Salesmen's commissions earned in addition to drawing accounts for the period January 1 to May 31, 1919, amounted to $5,886.26. When the Simmons Co. took over the business of the petitioner it assumed the payment of that amount. No deduction was claimed therefor by the petitioner in the computation of its net taxable income.

The petitioner's books were kept and its return filed upon the accrual method of accounting.

The Simmons Co. reported the profits earned by the petitioner for the period January 1 to May 31, 1919, which, the respondent informed it, were incorrect. The petitioner thereupon filed a separate return, in which it showed:

Gross income$124,033.56
Deductions28,878.95
Net income95,154.61
Invested capital221,164.94

The respondent's letter to the petitioner dated March 12, 1923, upon which the final deficiency notice was based, informed the petitioner that since no return had been filed for the period January 1 to May 31, 1919, the*2246 data for assessment had been taken from the revenue agent's report on the Simmons Co., and he found invested capital of $217,949.98, and net income of $90,222.74. The respondent's deficiency notice of December 18, 1926, out of which this action arose, informed the petitioner of the denial of its application for assessment of its profits tax under the provisions of section 328 of the Revenue Act of 1918, and it set forth a deficiency of $36,617.18, which is the amount in dispute.

OPINION.

MORRIS: The petitioner alleges and contends, and requests the Board to determine, that abnormalities, respecting both income and capital, exist within the meaning of subdivision (d) of section 327 of the Revenue Act of 1918, and that it is entitled to compute its profits tax under the provisions of section 328 of said act. That portion of section 327 urged for consideration reads:

SEC. 327. That in the following cases the tax shall be determined as provided in section 328:

* * *

(d) Where upon application by the corporation the Commissioner finds and so declares of record that the tax if determined without benefit of this section *1192 would, owing to abnormal conditions affecting*2247 the capital or income of the corporation, work upon the corporation an exceptional hardship evidenced by gross disproportion between the tax computed without benefit of this section and the tax computed by reference to the representative corporations specified in section 328. * * *

In support of its allegation that abnormal conditions are present in its capital and income the petitioner complains of the respondent's action in holding that it and the said Simmons Co. were not affiliated, for tax purposes, during the period January 1 to May 31, 1919, resulting in the exclusion of its taxable income from a consolidated return filed for said period, notwithstanding during such period it had the use and benefit of the large sales organization of the said Simmons Co. It is further contended by the petitioner that it had the use of its manufacturing building, which belonged to its principal stockholders, at a rate considerably below a fair and reasonable rental, and finally that during the period under consideration it had the use of its officers' services for less compensation than they were normally worth and entitled to.

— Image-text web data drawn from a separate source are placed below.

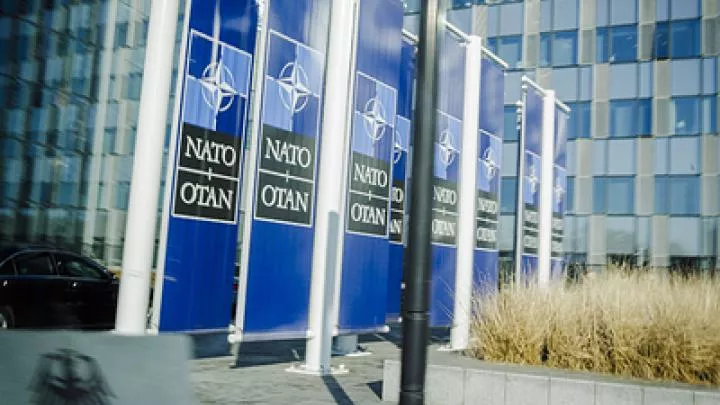 Запад хочет сделать Украину прокси-членом НАТО после конфликта – депутат ГД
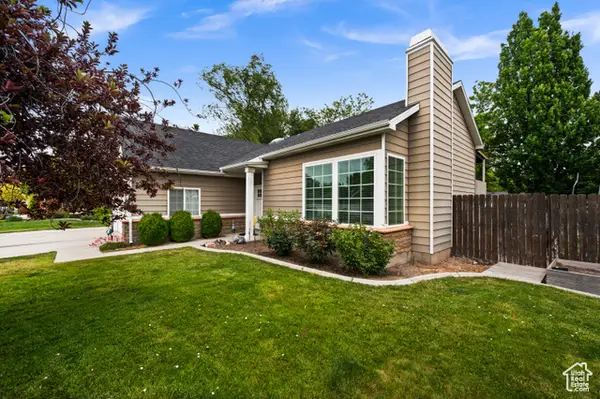 5633 S Crosspark Dr W, Taylorsville, UT 84123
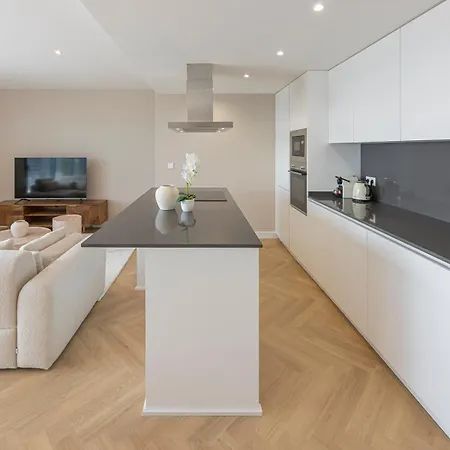 Fancy And Minimalist Flat In L Sea Views * 埃斯特波纳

The petitioner's business was organized in the year 1900 and*2248 it engaged successfully in the manufacture of mattresses, beds, cots, and pillows until it was acquired in 1919 by the Simmons Co., a manufacturer of mattresses. All of its capital stock was owned by its founders, Hirsch and Spitz, and certain of its principal employees, who because of their loyal services and in accordance with a promise that they would at some time be compensated for having served the company at low salaries during the earlier years of its existence, had been allotted a small number of shares by the founders of the business.

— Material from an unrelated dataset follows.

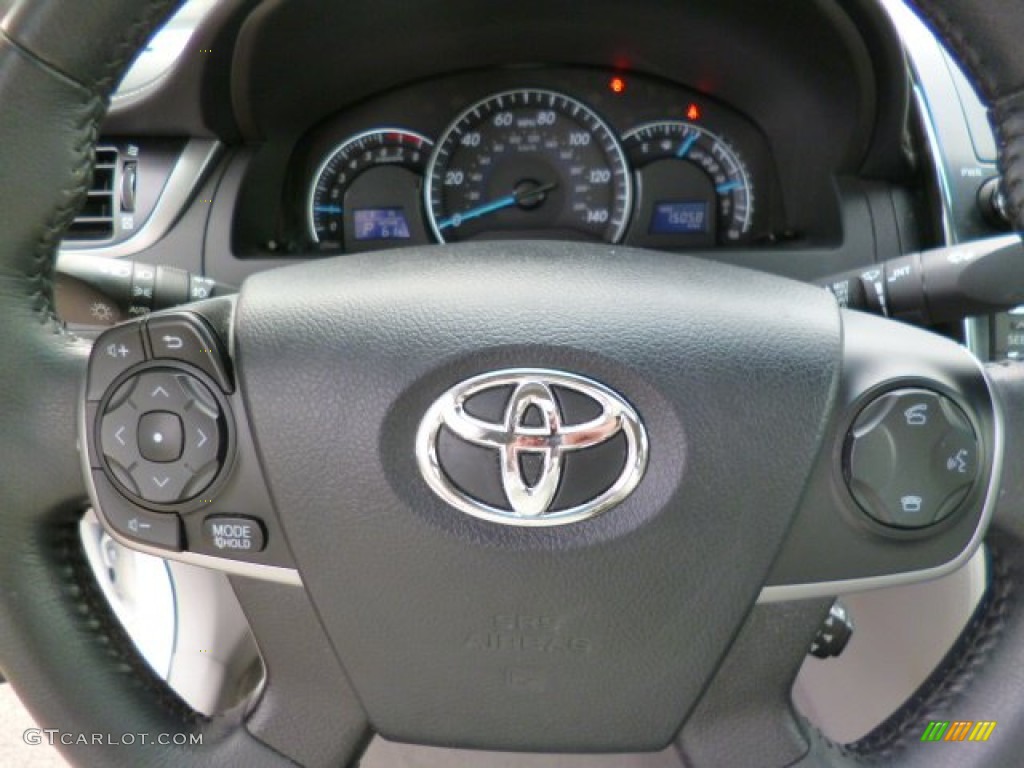 2013 Camry XLE - Super White / Ash photo #17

The Simmons Co., anxious to acquire the business of the petitioner, especially the services of its founders, began negotiations in the fall of 1918 which culminated in a written agreement being entered into in May, 1919, whereby the business of the petitioner was acquired by that company through the surrender of its capital stock for $1,400 a share, the purchase, according to said agreement, to take effect as of January 1, 1919, it being understood and agreed that the Simmons Co. should take over the business in its entirety, except certain Government bonds, including the profits for the first five months of 1919 upon which it should pay*2249 the taxes.

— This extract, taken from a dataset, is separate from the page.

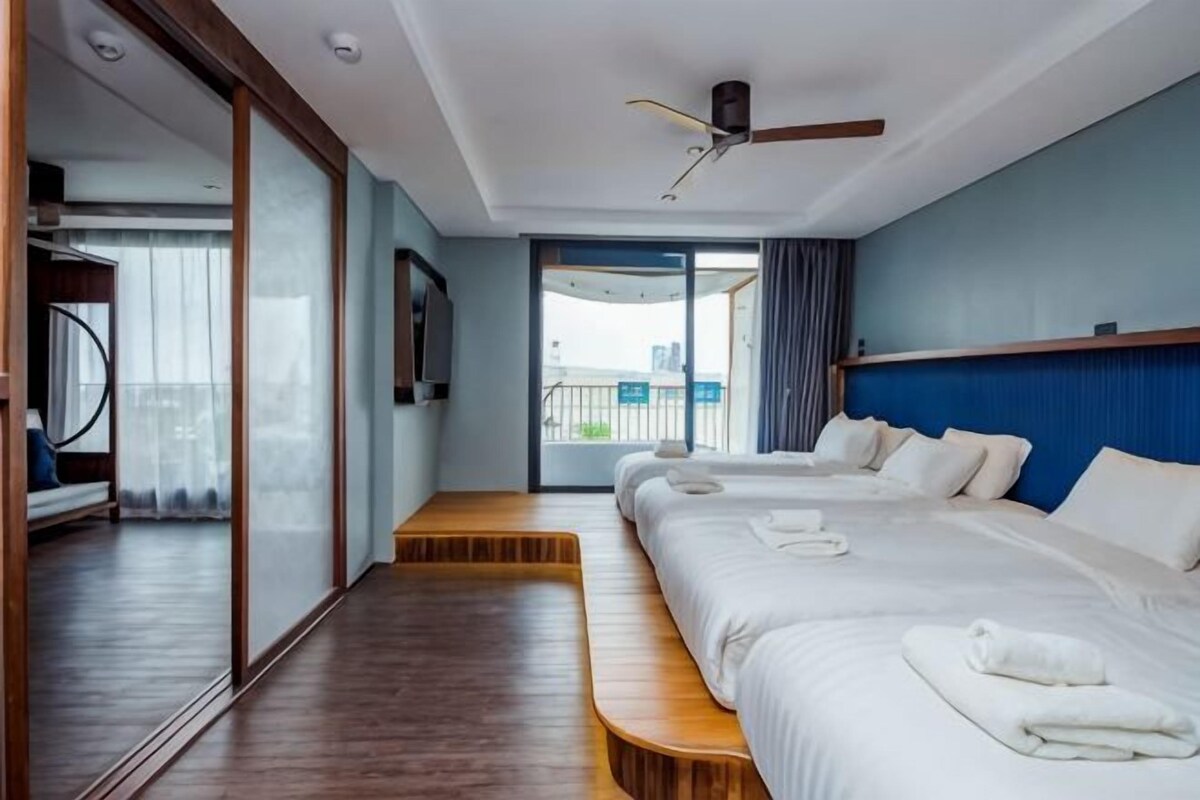 Minibar, brankas, tirai kedap cahaya, dan Wi-Fi gratis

The Simmons Co., a nationally known enterprise, employed from 130 to 140 salesmen, dispersed throughout the United States, during the period January 1 to May 31, 1919, all of whom sold the petitioner's merchandise in addition to the merchandise sold by their own company. None of the sales expenses, however, incurred by the Simmons Co. in the sale of the petitioner's merchandise were allocated or charged to the petitioner. The petitioner's earnings for the *1193 entire year 1918 were $60,585.45, whereas for the first five months of 1919 they were $90,222.74, and its expenses for the entire year 1918 were $82,413.04, whereas for the first five months of 1919 they were $24,772.41. This marked disparity in the ratio of expenses to earnings during the five months in 1919 as compared with the preceding year or years, as we have already said in our findings of fact, "is accounted for by the fact that the petitioner enjoyed the use of the Simmons Co. organization, particularly its 130 to 140 traveling salesmen, without any additional cost to it, as hereinbefore stated."

It has been shown that the petitioner enjoyed the use of its manufacturing building, individually*2250 owned by Hirsch and Spitz, at a rent charge which was computed upon the basis of what they, as owners, should be entitled to as interest upon their investment, which, as a proven fact, was somewhat less than a fair and reasonable rental.

Hirsch and Spitz were men of proven and outstanding abilities in the business in which they were engaged, and particularly were they highly regarded by the Simmons Co. That company, as we have found, had endeavored to interest both of these men in positions in 1918, Spitz to receive a salary of $50,000 a year as general sales manager in New York. During the period here involved the salaries or drawings of Hirsch and Spitz were at the rate of $6,300 and $8,400 per annum, respectively. Upon the acquisition of the petitioner's business by the Simmons Co. they continued as employees and received salaries in the beginning of $10,000 and bonuses of $5,000 each, later increased to $15,000 and $5,000 each, respectively.

Therefore, the fact that there was a very close relationship between the petitioner and the Simmons Co. during the five-month period under consideration, its business having, as a matter of fact, been taken over as of January 1, 1919, enabling*2251 it to enjoy the full use and benefit of that company's organization and its large sales force, without any cost to it whatsoever, resulting in the disparity in income of which we have spoken hereinbefore; that the petitioner enjoyed the use and benefits of its manufacturing building at a considerably reduced rental; and the further fact that its officers and employees, who were responsible for its success, served the petitioner for salaries far below what they were normally entitled to and could have claimed, we believe, entitle it to the relief which it seeks and we hold, therefore, that its profits tax should be computed under the provisions of section 328 of the Revenue Act of 1918 for the period in question.

The issue numbered two herein is with respect to the failure of the respondent to allow a deduction of commissions earned by its salesmen in excess of their regular drawing accounts. The record *1194 shows that the petitioner was obligated to pay its salesmen a commission of 5 per cent of its gross sales in excess of certain specified drawings, and that they earned in addition to said drawings $5,866.26 for the period in question. *2252 Its accounting practice was to credit the amounts of drawings upon its books monthly and the commissions were credited or paid annually upon December 31. Since the petitioner was legally obligated to pay these commissions and since it appears that they were in fact earned, although paid by the Simmons Co., which assumed the petitioner's liabilities, and not by the petitioner, we are of the opinion that the respondent erred in disallowing the deduction. .

Reviewed by the Board.

Further proceedings will be had under Rule 62(c).

STERNHAGEN, SMITH, and MURDOCK dissent on the second point.